Commentary: E15 Mandate is more harmful than it appears
November 02
06:00 2017

Across this great nation, African-American families are struggling to do more with less.  They must find ways to keep food on the table at a time when costs are skyrocketing and they are trying to rebuild savings by stringing together part-time jobs.  The Pew Research Center recently reported an alarming statistic:  “the median wealth of non-Hispanic black households fell 33.7%, from $16,600 in 2010 to $11,000 in 2013”.

Given the harsh economic reality of many African-American families, I’ve been disappointed to learn a large number of communities have voted in favor of an ordinance which would bring them even further harm.  Requiring E15 (15 percent corn ethanol, 85% gasoline) to be sold in gas stations, adversely affect many of the most vulnerable citizens.

Currently 10 percent (E10) is the highest corn ethanol content sold.  Supporters said that E15 will improve the environment and lower prices, however, many experts have countered those claims, including scientists, economists, owners of gas stations, restaurant owners, car manufacturers, AAA and even bakers, food pantries and the environmental community.

Corn is used not only in fuel, it is also used for almost every type of food that we consume such as cereal, bread, gravy, (corn syrup, corn starch), fried foods (corn oil), and chicken, beef, pork (corn-feed).  The more corn grown for fuel, the less land for corn for food and feed, driving up costs.  According to FarmEcon, ethanol mandates could result in a family of four paying more than $2,000 per year in extra food costs.  For African-American families who are already struggling to make ends meet, added food costs would undoubtedly hurt.

E15 could also damage car engines as well as lawnmowers, snowblowers, motorcycles and other small engines. When you’re out several thousand dollars because your car or tools got ruined by this slightly higher ethanol blend, or because you accidentally filled up on E15, you’ll understand why the move to E15 is being opposed by a diverse set of groups.

Then there is the local service station owner who has to pay upward of $125,000 to install the equipment that will dispense E15.  Those stations provide jobs, food and staples for families in the community.  What happens to those jobs and retail options for those small owners who won’t be able to afford to install expensive equipment?  They will be gone.  And for larger station owners who can and will have to spend a small fortune to stay in business, who do you think they’re going to pass the costs on to? Their customers, of course.

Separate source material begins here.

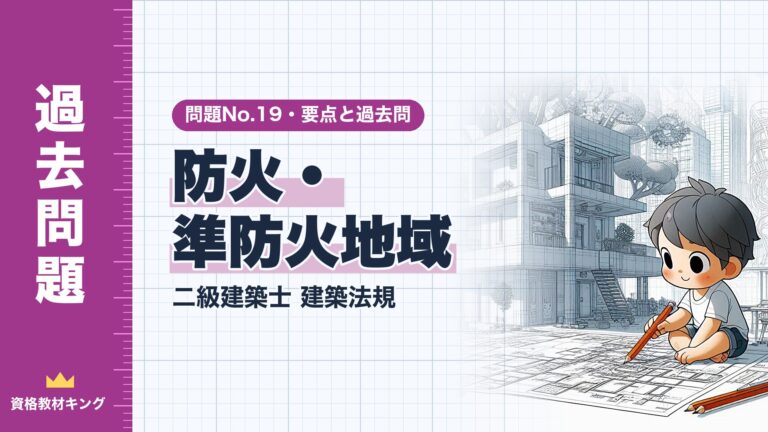 二級建築士 建築法規 問題No.19【防火・準防火地域】建築物の構造・門と塀・屋根・看板・地域にわたる場合の要点と過去問10年分※完全無料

Proponents of E15 tell us that ethanol blends are less expensive than unadulterated gasoline, but this isn’t true. Because ethanol burns faster than gasoline, so drivers using it run out of fuel faster and have to fill up more often.   Where is the savings?

And E15’s environmental benefits are not what they are purported to be. Studies and reports have concluded that corn ethanol could actually contribute to higher greenhouse gas emissions (GHG).  .Also, increased demand for corn for fuel has led to billions of pounds of fertilizer in rivers, lakes and groundwater. How environmentally friendly is that?